HOW TO COMPLETE THIS TASK: Each record must reappear in the answer exactly as it is written.

*** DATA EXCERPTS

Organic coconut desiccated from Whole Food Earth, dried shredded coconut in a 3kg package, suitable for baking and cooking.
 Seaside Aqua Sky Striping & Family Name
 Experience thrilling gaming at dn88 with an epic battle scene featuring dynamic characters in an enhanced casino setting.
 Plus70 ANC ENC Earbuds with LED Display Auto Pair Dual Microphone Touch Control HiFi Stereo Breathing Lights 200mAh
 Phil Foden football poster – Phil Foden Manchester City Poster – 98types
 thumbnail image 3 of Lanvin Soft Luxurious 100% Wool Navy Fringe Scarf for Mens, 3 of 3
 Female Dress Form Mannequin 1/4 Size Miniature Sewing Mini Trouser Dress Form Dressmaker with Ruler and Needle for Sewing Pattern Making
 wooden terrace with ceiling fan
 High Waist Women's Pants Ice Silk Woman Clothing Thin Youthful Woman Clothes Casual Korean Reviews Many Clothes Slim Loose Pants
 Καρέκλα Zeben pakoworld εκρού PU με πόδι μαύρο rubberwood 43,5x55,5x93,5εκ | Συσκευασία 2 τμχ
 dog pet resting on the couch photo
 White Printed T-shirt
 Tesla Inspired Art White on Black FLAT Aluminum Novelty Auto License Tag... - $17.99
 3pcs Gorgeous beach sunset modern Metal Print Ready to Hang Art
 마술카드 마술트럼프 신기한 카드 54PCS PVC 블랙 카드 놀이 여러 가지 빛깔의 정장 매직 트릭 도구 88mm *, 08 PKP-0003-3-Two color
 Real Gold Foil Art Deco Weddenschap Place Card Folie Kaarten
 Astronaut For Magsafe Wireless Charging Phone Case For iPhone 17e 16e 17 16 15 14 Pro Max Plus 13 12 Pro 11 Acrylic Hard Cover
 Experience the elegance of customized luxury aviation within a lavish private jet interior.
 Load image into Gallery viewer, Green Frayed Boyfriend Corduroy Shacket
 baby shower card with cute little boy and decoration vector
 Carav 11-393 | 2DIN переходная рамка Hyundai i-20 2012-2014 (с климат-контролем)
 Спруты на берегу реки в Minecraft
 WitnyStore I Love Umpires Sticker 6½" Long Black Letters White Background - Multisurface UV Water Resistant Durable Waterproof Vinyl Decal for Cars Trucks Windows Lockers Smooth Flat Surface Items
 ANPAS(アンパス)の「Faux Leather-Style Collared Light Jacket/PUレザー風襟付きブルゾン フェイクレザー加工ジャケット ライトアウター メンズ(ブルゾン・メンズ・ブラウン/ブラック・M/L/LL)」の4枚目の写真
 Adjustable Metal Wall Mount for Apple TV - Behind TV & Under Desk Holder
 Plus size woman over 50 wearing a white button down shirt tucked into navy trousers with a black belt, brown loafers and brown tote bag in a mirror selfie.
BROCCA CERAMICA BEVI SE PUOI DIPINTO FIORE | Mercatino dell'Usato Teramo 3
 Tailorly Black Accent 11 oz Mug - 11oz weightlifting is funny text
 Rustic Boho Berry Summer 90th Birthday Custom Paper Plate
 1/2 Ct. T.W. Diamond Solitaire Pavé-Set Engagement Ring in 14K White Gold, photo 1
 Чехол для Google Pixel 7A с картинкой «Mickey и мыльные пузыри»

******

REPLY:
Organic coconut desiccated from Whole Food Earth, dried shredded coconut in a 3kg package, suitable for baking and cooking.
 Seaside Aqua Sky Striping & Family Name
 Experience thrilling gaming at dn88 with an epic battle scene featuring dynamic characters in an enhanced casino setting.
 Plus70 ANC ENC Earbuds with LED Display Auto Pair Dual Microphone Touch Control HiFi Stereo Breathing Lights 200mAh
 Phil Foden football poster – Phil Foden Manchester City Poster – 98types
 thumbnail image 3 of Lanvin Soft Luxurious 100% Wool Navy Fringe Scarf for Mens, 3 of 3
 Female Dress Form Mannequin 1/4 Size Miniature Sewing Mini Trouser Dress Form Dressmaker with Ruler and Needle for Sewing Pattern Making
 wooden terrace with ceiling fan
 High Waist Women's Pants Ice Silk Woman Clothing Thin Youthful Woman Clothes Casual Korean Reviews Many Clothes Slim Loose Pants
 Καρέκλα Zeben pakoworld εκρού PU με πόδι μαύρο rubberwood 43,5x55,5x93,5εκ | Συσκευασία 2 τμχ
 dog pet resting on the couch photo
 White Printed T-shirt
 Tesla Inspired Art White on Black FLAT Aluminum Novelty Auto License Tag... - $17.99
 3pcs Gorgeous beach sunset modern Metal Print Ready to Hang Art
 마술카드 마술트럼프 신기한 카드 54PCS PVC 블랙 카드 놀이 여러 가지 빛깔의 정장 매직 트릭 도구 88mm *, 08 PKP-0003-3-Two color
 Real Gold Foil Art Deco Weddenschap Place Card Folie Kaarten
 Astronaut For Magsafe Wireless Charging Phone Case For iPhone 17e 16e 17 16 15 14 Pro Max Plus 13 12 Pro 11 Acrylic Hard Cover
 Experience the elegance of customized luxury aviation within a lavish private jet interior.
 Load image into Gallery viewer, Green Frayed Boyfriend Corduroy Shacket
 baby shower card with cute little boy and decoration vector
 Carav 11-393 | 2DIN переходная рамка Hyundai i-20 2012-2014 (с климат-контролем)
 Спруты на берегу реки в Minecraft
 WitnyStore I Love Umpires Sticker 6½" Long Black Letters White Background - Multisurface UV Water Resistant Durable Waterproof Vinyl Decal for Cars Trucks Windows Lockers Smooth Flat Surface Items
 ANPAS(アンパス)の「Faux Leather-Style Collared Light Jacket/PUレザー風襟付きブルゾン フェイクレザー加工ジャケット ライトアウター メンズ(ブルゾン・メンズ・ブラウン/ブラック・M/L/LL)」の4枚目の写真
 Adjustable Metal Wall Mount for Apple TV - Behind TV & Under Desk Holder
 Plus size woman over 50 wearing a white button down shirt tucked into navy trousers with a black belt, brown loafers and brown tote bag in a mirror selfie.
BROCCA CERAMICA BEVI SE PUOI DIPINTO FIORE | Mercatino dell'Usato Teramo 3
 Tailorly Black Accent 11 oz Mug - 11oz weightlifting is funny text
 Rustic Boho Berry Summer 90th Birthday Custom Paper Plate
 1/2 Ct. T.W. Diamond Solitaire Pavé-Set Engagement Ring in 14K White Gold, photo 1
 Чехол для Google Pixel 7A с картинкой «Mickey и мыльные пузыри»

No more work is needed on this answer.